## TRY IT
Reproduce exactly the lines from the one containing "INC Silk Leopard" through the last line of the records below, both included. Leave out any pictures.

## PROVIDED ENTRIES
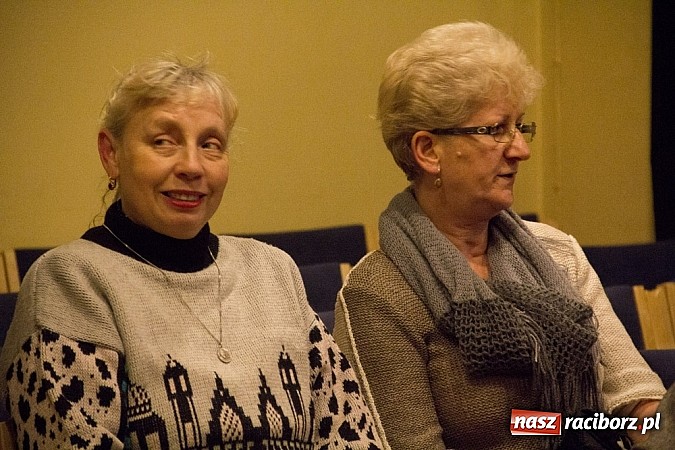 Zdjęcie w galerii na portalu naszraciborz.pl: W Strzesze promowano nowy Almanach wiadomości z regionu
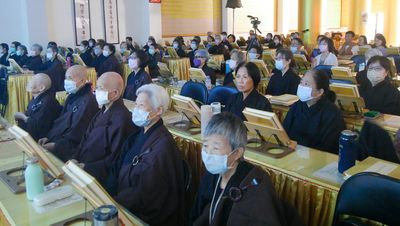 10大眾專心欣賞華嚴文創音樂。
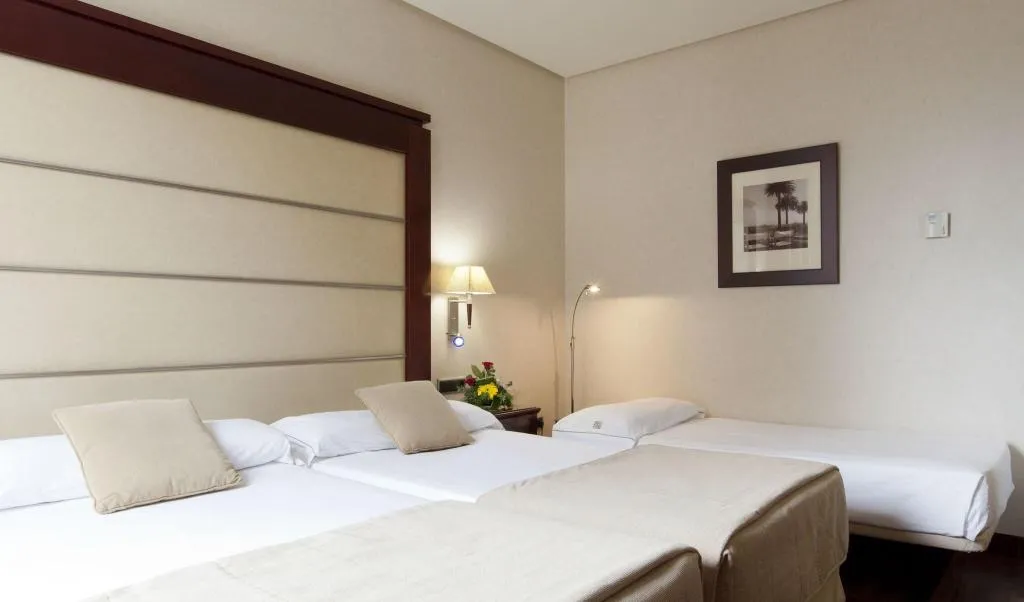 TRIPLE STANDARD Room, Valencia Center, Valencia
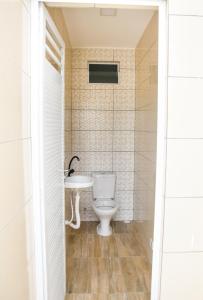 ein Badezimmer mit Toilette und Waschbecken in der Unterkunft Casa Da Onda in Tamandaré + 22 Fotos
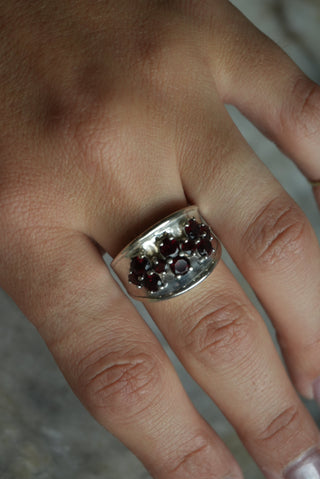 GARNET ROW SZ 7.75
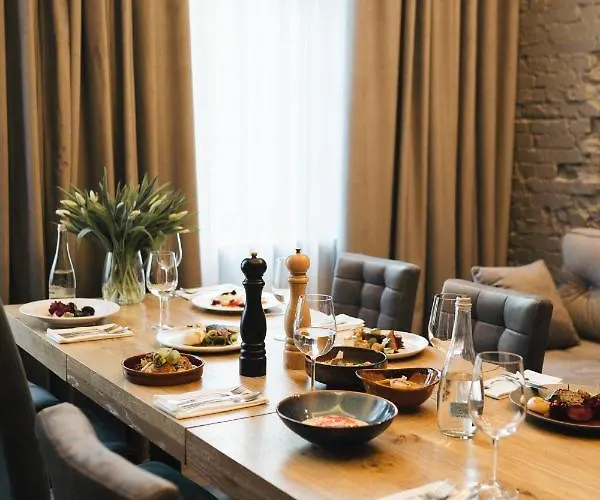 Ratuszova & Restaurant - Stary Rynek Old Market Appartement Poznań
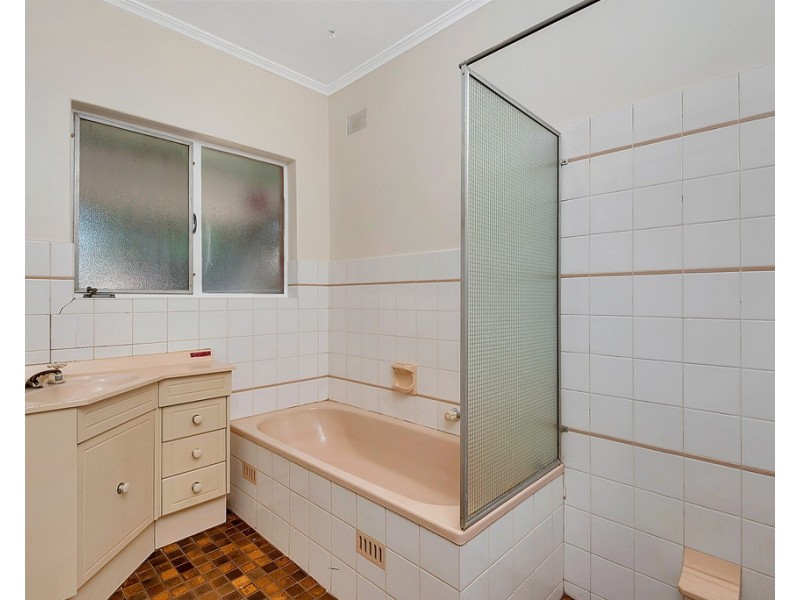 1 Argent Street, Elizabeth Grove SA 5112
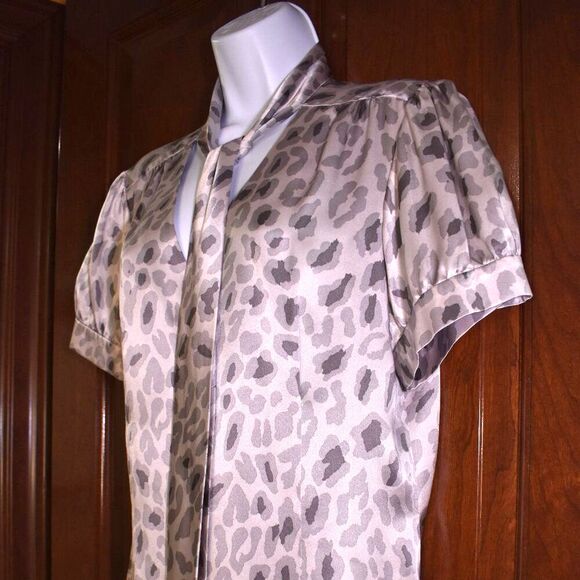 INC Silk Leopard Print Blouse Sz 14 L Gray Silver Button Up Chic Animal Print - Picture 6 of 16
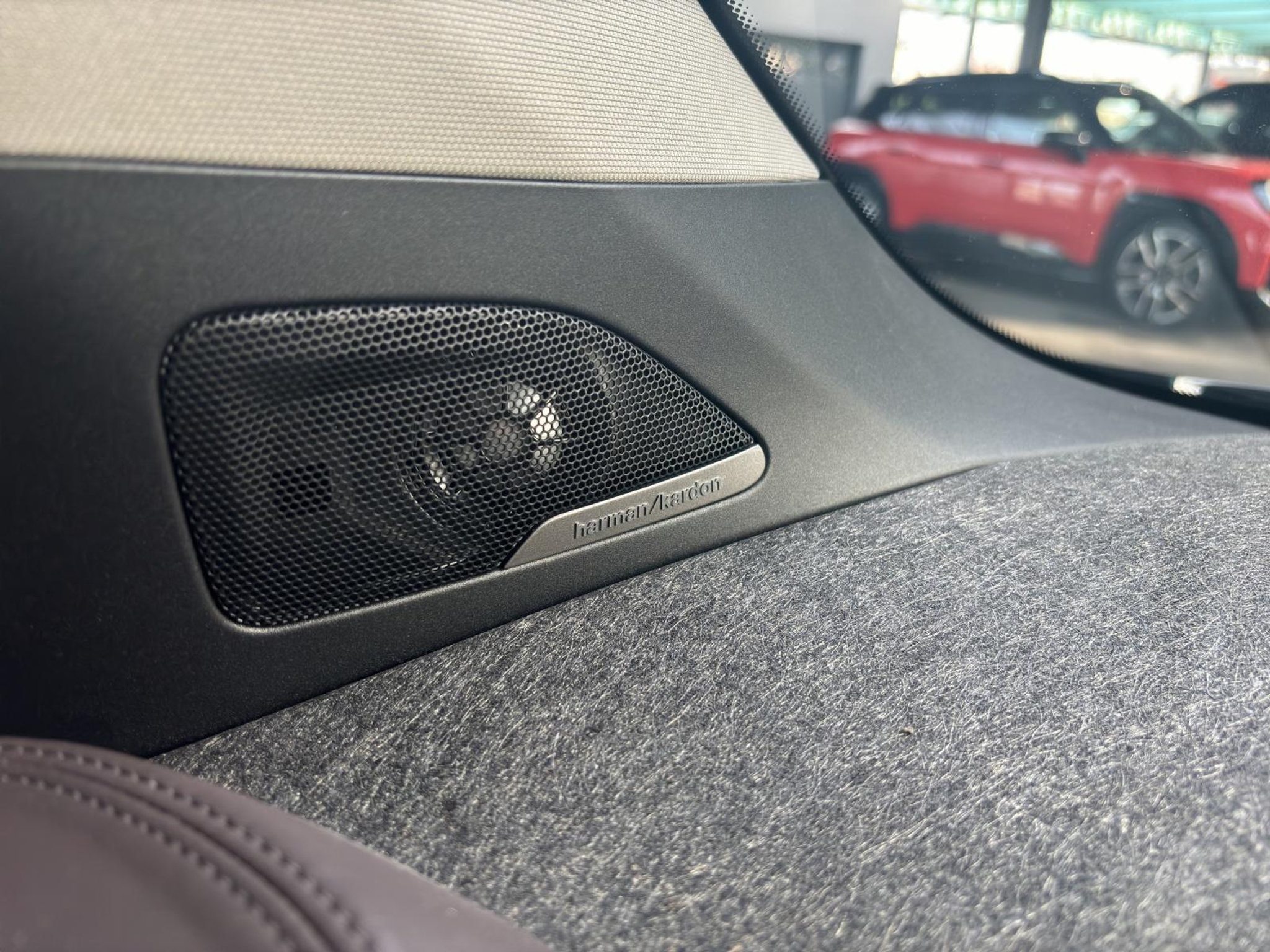 listing desktop thumbnail image 18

## RESPONSE TO THE EXERCISE
 INC Silk Leopard Print Blouse Sz 14 L Gray Silver Button Up Chic Animal Print - Picture 6 of 16
 listing desktop thumbnail image 18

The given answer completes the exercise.